-- Opening Marker --

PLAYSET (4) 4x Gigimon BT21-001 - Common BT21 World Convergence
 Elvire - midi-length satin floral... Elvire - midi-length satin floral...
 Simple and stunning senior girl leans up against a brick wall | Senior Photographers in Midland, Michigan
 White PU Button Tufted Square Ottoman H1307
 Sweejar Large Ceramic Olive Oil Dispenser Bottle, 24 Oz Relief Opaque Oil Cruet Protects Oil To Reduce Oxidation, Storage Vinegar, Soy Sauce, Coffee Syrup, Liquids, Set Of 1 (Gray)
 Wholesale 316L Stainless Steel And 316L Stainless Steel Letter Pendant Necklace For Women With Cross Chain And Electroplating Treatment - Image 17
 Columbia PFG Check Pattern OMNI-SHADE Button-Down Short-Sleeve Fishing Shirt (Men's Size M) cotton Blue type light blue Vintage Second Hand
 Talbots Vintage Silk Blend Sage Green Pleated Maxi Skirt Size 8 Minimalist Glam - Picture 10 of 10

-- Closing Marker --

- [WHAT THIS TASK INVOLVES]
When a line among the entries contains "Vintage", pull that line out.

- [SOLVED EXERCISE]
 Columbia PFG Check Pattern OMNI-SHADE Button-Down Short-Sleeve Fishing Shirt (Men's Size M) cotton Blue type light blue Vintage Second Hand
 Talbots Vintage Silk Blend Sage Green Pleated Maxi Skirt Size 8 Minimalist Glam - Picture 10 of 10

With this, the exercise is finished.